Task: Although the listing below holds pictures, reproduce only its lines from the one containing "The Grateful 1" through the last, exactly and without them.

Information supplied:
=====

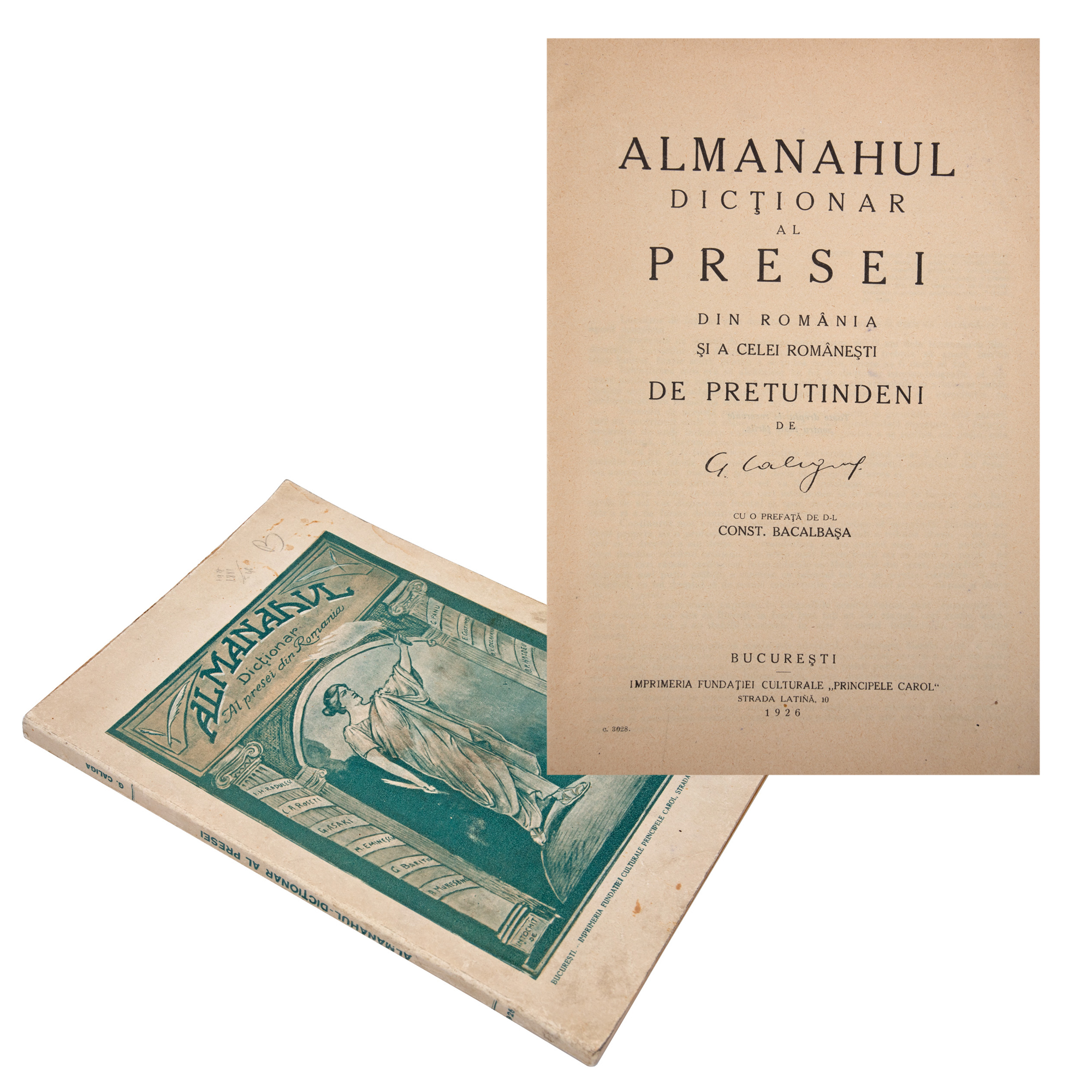 ”Almanahul. Dicționar al Presei din România”, București, 1926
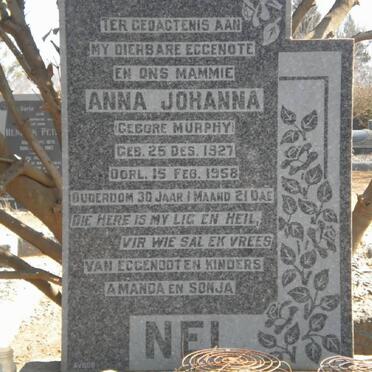 NEL Anna Johanna nee MURPHY 1927-1958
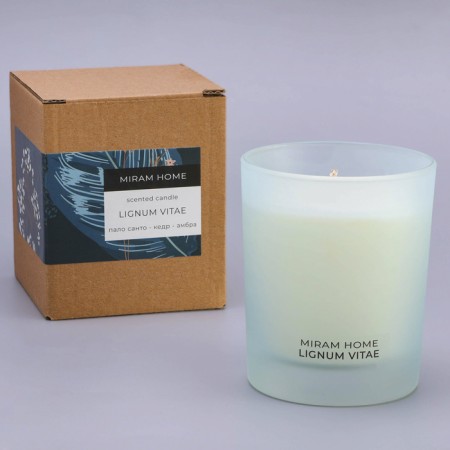 Aromatic candle in the glass "Lignum Vitae", fell Santo, 200 g-2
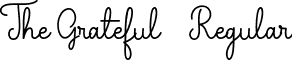 The Grateful 1 Regular font - the-grateful-1.ttf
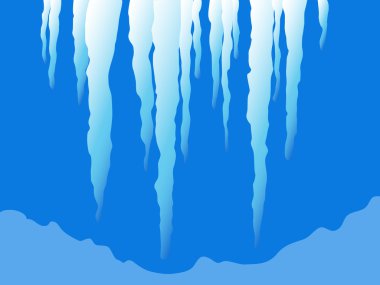 Noel buz sarkıtları vektör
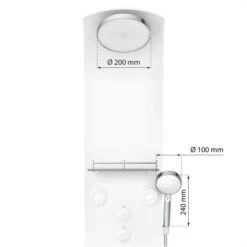 Eisl Duschpaneel Karibik 3 In 1 Mit Regendusche Sechs Massagedüsen Weiß -Grohe Verkäufe 2025 7663628 2759 4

=====

Written response:
 The Grateful 1 Regular font - the-grateful-1.ttf
 Noel buz sarkıtları vektör
 Eisl Duschpaneel Karibik 3 In 1 Mit Regendusche Sechs Massagedüsen Weiß -Grohe Verkäufe 2025 7663628 2759 4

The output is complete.